- [EXERCISE AIM] Reproduce all the data exactly, without pictures.

- [DATA BELOW]
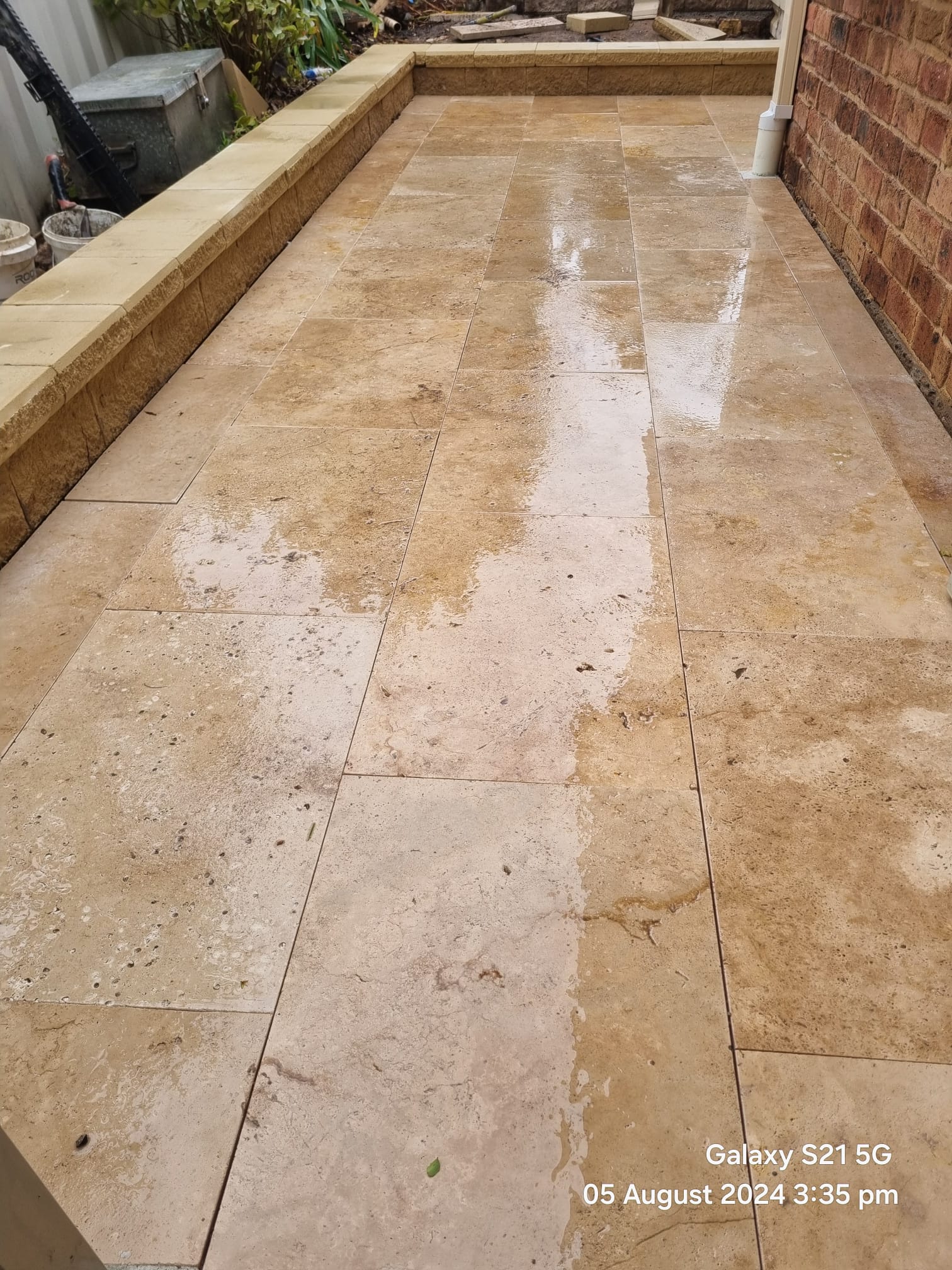 Landscaped driveway and retaining wall completed by Active Landscapes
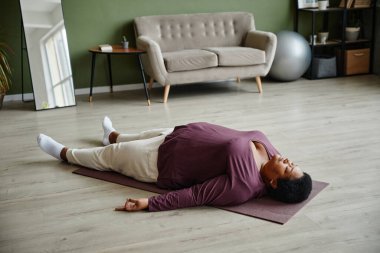 Siyahi Yaşlı Kadın Gevşeme Yogasının tadını çıkarıyor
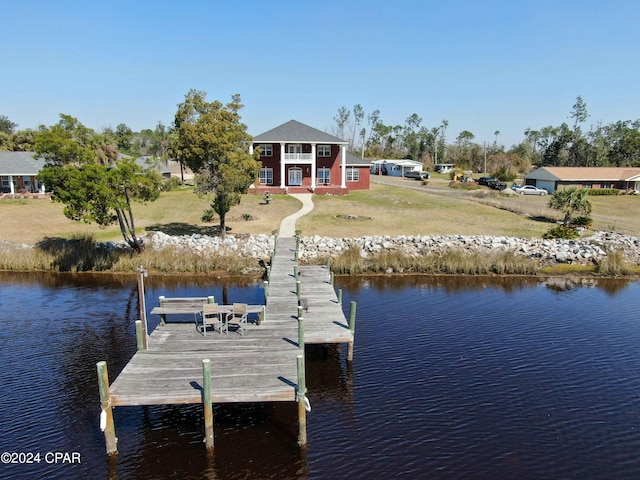 view of dock featuring a water view and a lawn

- [RESPONSE AREA]
 Landscaped driveway and retaining wall completed by Active Landscapes
 Siyahi Yaşlı Kadın Gevşeme Yogasının tadını çıkarıyor
 view of dock featuring a water view and a lawn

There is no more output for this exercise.